Written by: Brandon Godman
Over the years as I’ve continued to study the fiddle, I have spent minutes, hours, days, and probably weeks listening to the recordings of my heroes. I’ve only gotten acquainted with some players, while others I have nearly brainwashed myself with. Listening over and over to this break, that kickoff, the harmony part they played over there, and that one really, really killer back-up lick they did leading into that third chorus on a board tape from a live show they played while on tour with that one band.
My absolute favorite is to watch or listen to interviews of these players. I remember always being perplexed by the playing of Vassar Clements. Why would he play that lick there? Or why was he slurring that phrase when everyone else was driving each note with a different bow stroke? It wasn’t until I saw his instructional video that I really felt like I started to truly hear Vassar. I got to watch his face while he was playing those bluesy licks, and hear him say, “And sometimes I might play something like this here… And sometimes I’ll hum a fourth part to this triple stop run…”

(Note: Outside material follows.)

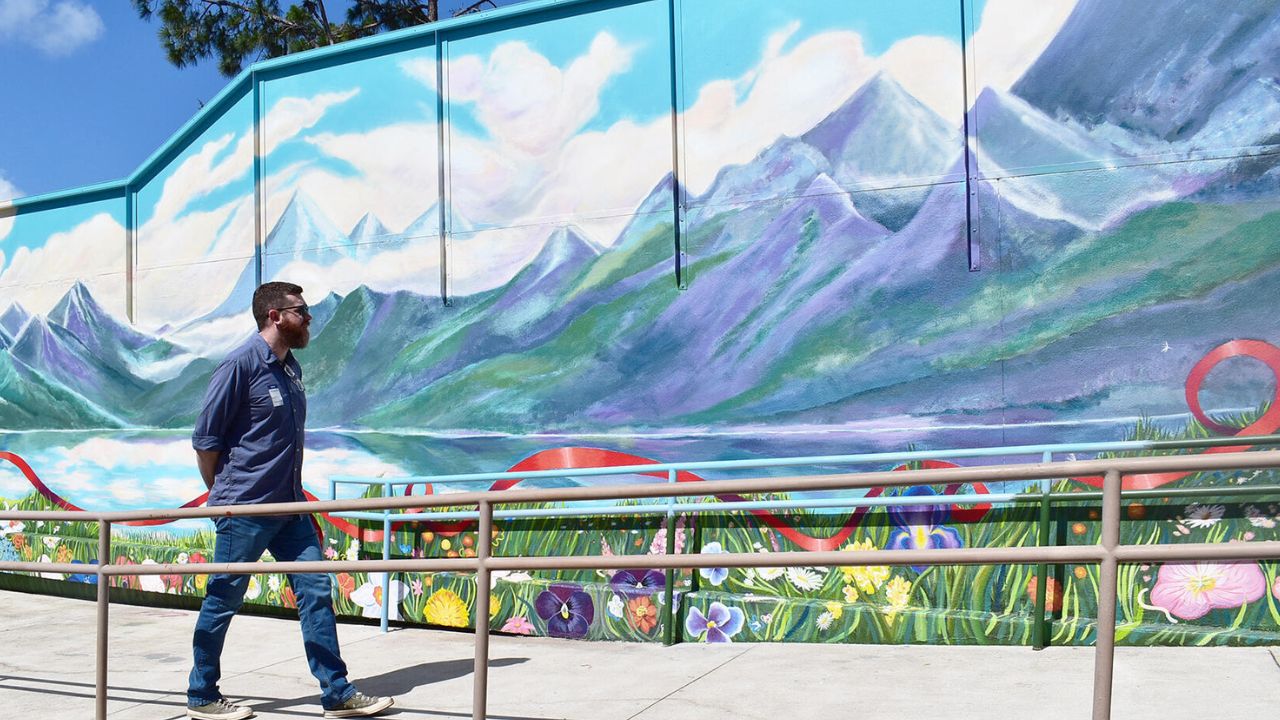 Watch as Winter Haven Hospital and Polk State College art students unveil a mural designed to bring comfort and tranquility to patients facing mental health challenges.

Through studying these interviews, various recordings, board tapes, instructional videos and recounting the live performances I may have been fortunate enough to witness, I feel like I can start piecing together their personalities, and see it reflecting through their music. I understand where their licks and intricacies of their style are coming from. It’s almost like I can feel their conviction, and hear their truth, without them saying a word.
When I played my first show in May 2017 as an official member of Laurie Lewis and The Right Hands at the Freight and Salvage, I was introduced as being new to San Francisco, only having lived here for a year at the time. We had a really great time on stage, a fantastic audience, and the musical juices were just flowing. One highlight, in particular, was getting to perform my original tune, “General Kuster,” which I had recently written in honor of Ted Kuster and the battle to place a bluegrass float in the upcoming San Francisco Pride parade.
After the show, a new friend named Andrew approached me and said, “I don’t know how you sounded before you moved out here, but you sound free now. You really pour every ounce of your soul into your playing.” This really hit me. I realized it was the first time I had really ever been comfortable being 100% myself on stage. But what changed? I had been surrounded by great, loving musicians in the past. As her fiddler, Dale Ann Bradley wanted nothing but my true self to show up in her music. I was one of the founding members of my band, the Music City Doughboys, so I had nothing but myself to give there. But this was different. 2017 was the first year for Bluegrass Pride. Everyone in the west coast Bluegrass scene had been so welcoming, encouraging and accepting of me. I had absolute affirmation that this is a safe place to be me, and 100% me. And I was now pouring that into my music.
As we are well into our second year for Bluegrass Pride, my hope is that everyone will revel in this freedom to be themselves. The true gift of music is that it’s a medium where you can come undone, be completely vulnerable with your audience, and be unapologetically you. You never know who might be listening.